# [WHAT YOU ARE ASKED TO DO]
Below are records; the lines starting at the one with "39 Hawthorne Village" and ending at the one with "Sign at entrance" must be reproduced exactly, both included. Pictures must not appear.

# [THE RECORDS]

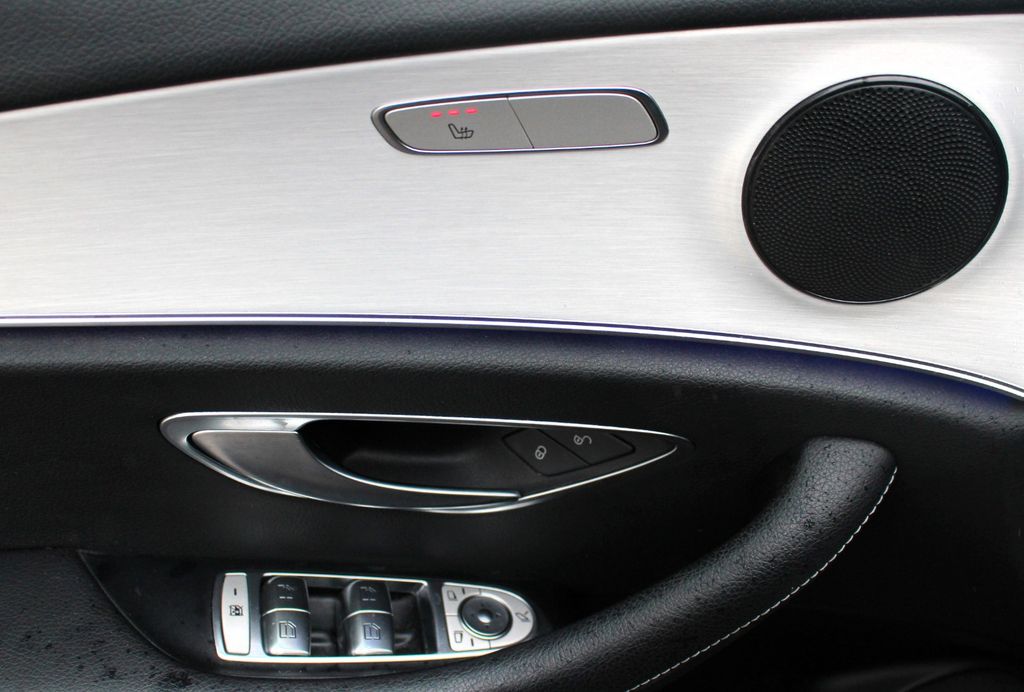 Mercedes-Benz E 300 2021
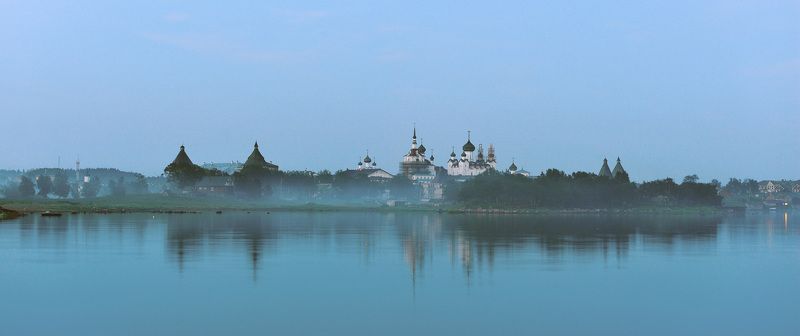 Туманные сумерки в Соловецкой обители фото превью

* * *

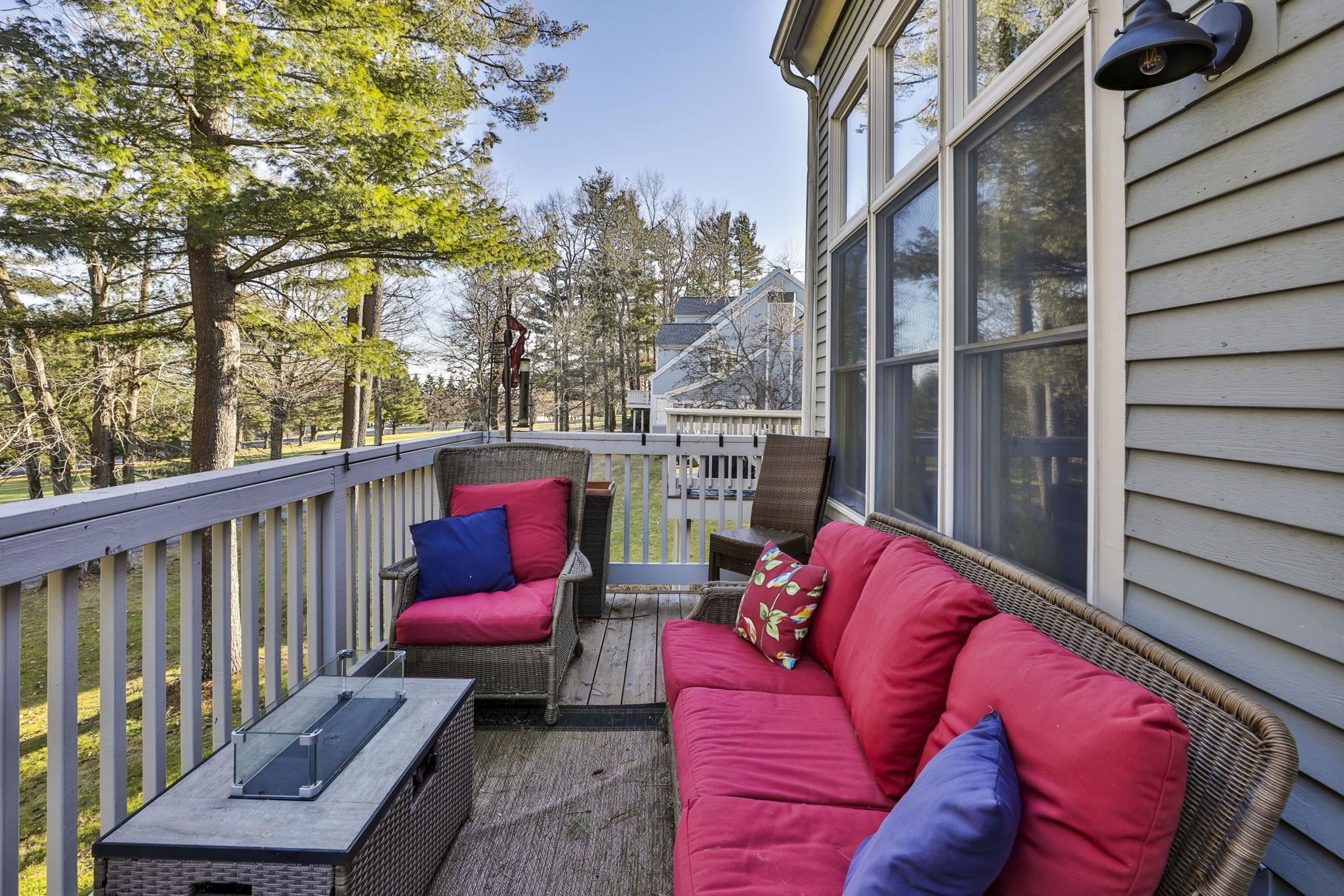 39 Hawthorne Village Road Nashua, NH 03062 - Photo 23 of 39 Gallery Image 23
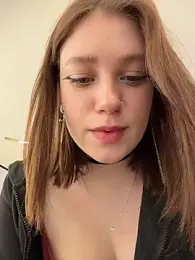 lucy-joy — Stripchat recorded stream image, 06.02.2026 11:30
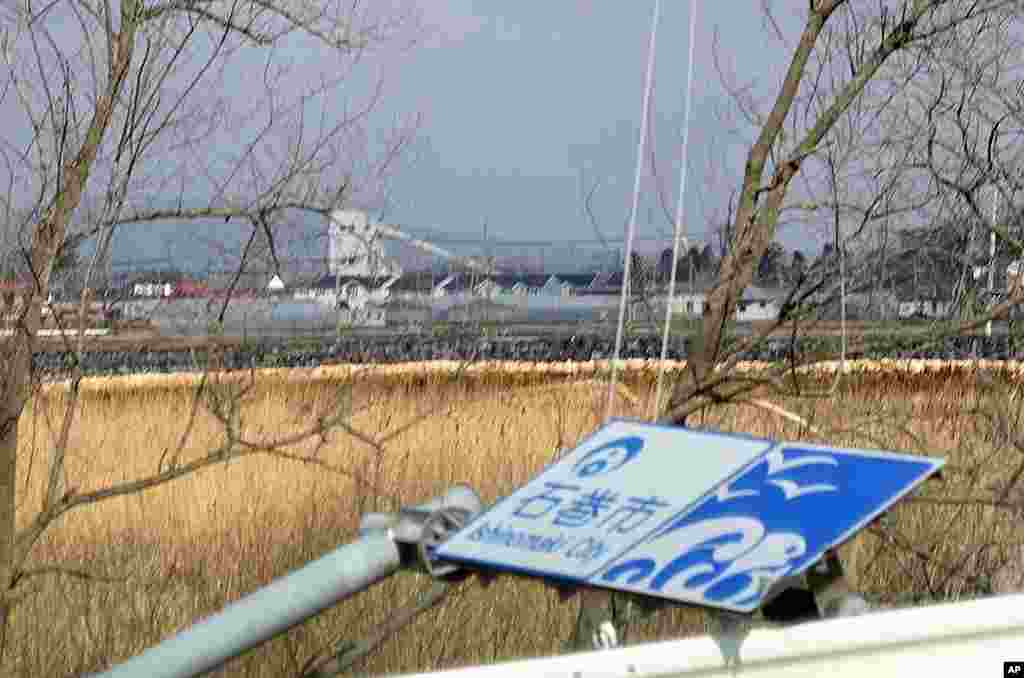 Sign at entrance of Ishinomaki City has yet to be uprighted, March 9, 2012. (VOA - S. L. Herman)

# [THE ANSWER]
 39 Hawthorne Village Road Nashua, NH 03062 - Photo 23 of 39 Gallery Image 23
 lucy-joy — Stripchat recorded stream image, 06.02.2026 11:30
 Sign at entrance of Ishinomaki City has yet to be uprighted, March 9, 2012. (VOA - S. L. Herman)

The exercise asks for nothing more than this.